Beim ersten Stakeholder-Workshop, bei dem die FEAD als europäischer Dachverband der privaten Kreislaufwirtschaft anwesend war und in dessen Rahmen sich auch der BDE mit Input beteiligt hat, war man sich einig, dass man momentan noch weit davon entfernt sei, die Ziele der Richtlinie zu erreichen, weil es an einer konsequenten Umsetzung und einem effektiven Vollzug mangele. Die Situation in Bezug auf die Wasserverschmutzung durch Nitrate habe sich in den letzten zwei Jahrzehnten nicht wesentlich verbessert, obwohl gerade dies das Ziel der Richtlinie sei.
Insgesamt fiel die Bewertung der Richtlinie seitens der Stakeholder jedoch nicht negativ aus. Vielmehr lautete deren klare Botschaft, dass keine neue Richtlinie und auch keine neue Verordnung in diesem Bereich erforderlich seien, sondern die Richtlinie allen voran konsequenter umgesetzt werden müsse und lediglich punktuell revidiert werden sollte – eine Einschätzung, die der BDE teilt.
Hinsichtlich der Zielsetzung der Richtlinie waren sich alle Stakeholder einig, dass die Vermeidung und Verminderung der Gewässerverschmutzung als Kernziele beibehalten werden müssten und dass eine klare Abgrenzung zum Anwendungsbereich anderer EU-Rechtsakte aus Gründen der Rechtssicherheit dringend erforderlich sei. Darüber hinaus wurde seitens der FEAD zutreffend hinzugefügt, dass die Richtlinie zwingend die vielen positiven Aspekte berücksichtigen müsse, die mit dem Einsatz von organischen Düngemitteln verbunden sind, die recycelte Nährstoffe enthalten – wie z. B. Kompost.

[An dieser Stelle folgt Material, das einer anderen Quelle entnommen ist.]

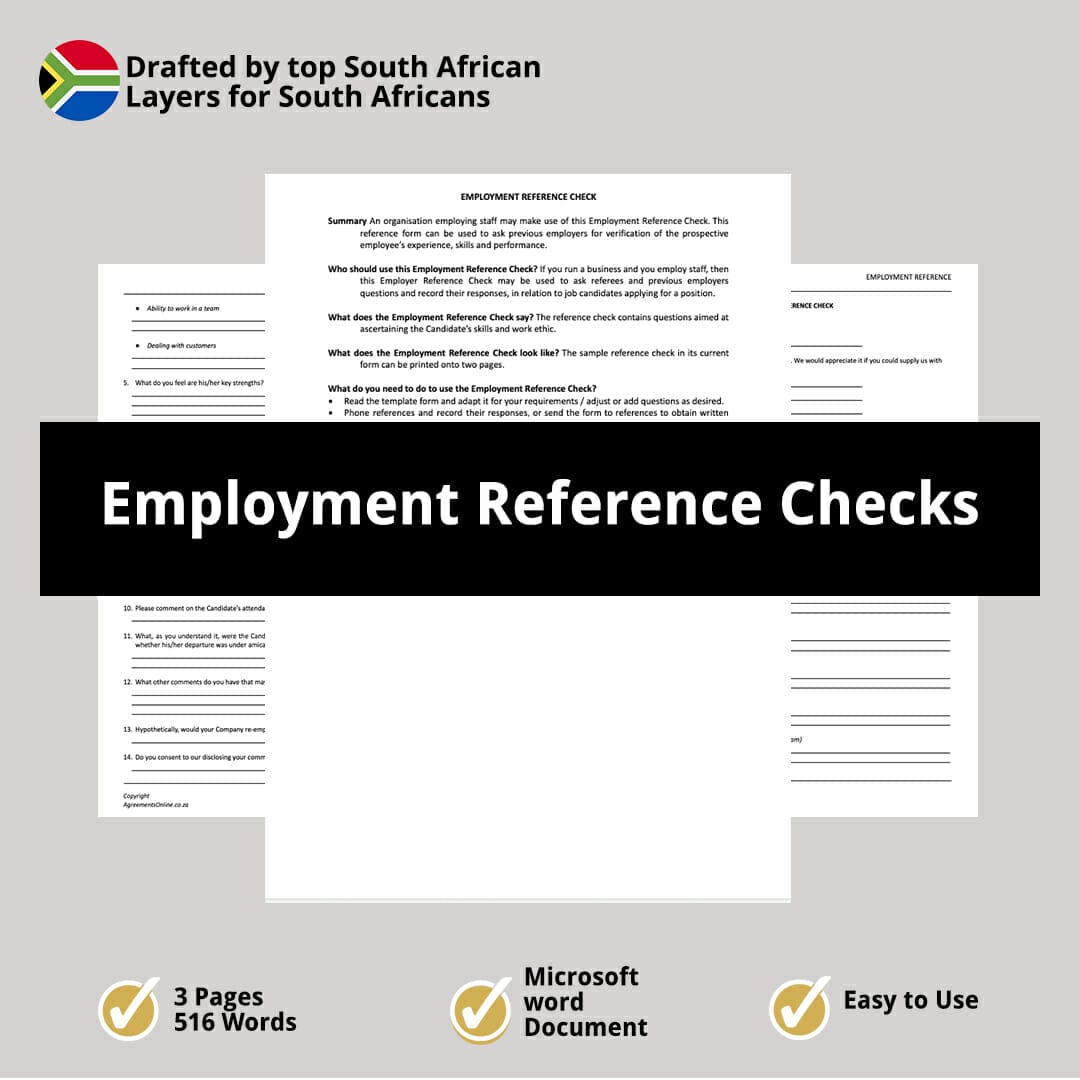 Employment Reference Checks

Zu diesen Vorteilen gehören nicht zuletzt die langsame und langanhaltende Düngewirkung, die Humusbildung, die verbesserte Kohlenstoffbindung, die Vermeidung von Bodenversalzung sowie die geringere Konzentration von Reinnährstoffen4. Auf diese Vorteile wird auch in den nächsten Treffen der Stakeholder ausdrücklich hingewiesen werden müssen und insdesondere auch darauf, dass diese Vorteile im Falle einer Überarbeitung der Richtlinie zwingend Eingang in den Richtlinientext finden müssen, wenn es darum, geht, einen gesunden Bodenzustand herzustellen.
Ausblick
Es bleibt abzuwarten, ob sich die Europäische Kommission für eine Überarbeitung der Nitratrichtlinie entscheiden wird. Bis dahin sind noch weitere Treffen der Stakeholder vorgesehen, damit sich die Europäische Kommission einen umfassenden Überblick über den EU-weiten Umsetzungsstand verschaffen kann. Das nächste Treffen der Stakeholder – an dem auch die FEAD wieder teilnehmen wird – findet am 4. Oktober statt. Bei diesem Austausch wird es unter anderem um die Kosten der durch Nitrat aus landwirtschaftlichen Quellen verursachten Gewässerverunreinigungen für die Gesellschaft gehen. Der BDE wird sich auch diesbezüglich mit Input einbringen. Die Veröffentlichung eines Abschlussberichts der Europäischen Kommission ist für die erste Hälfte des Jahres 2025 geplant.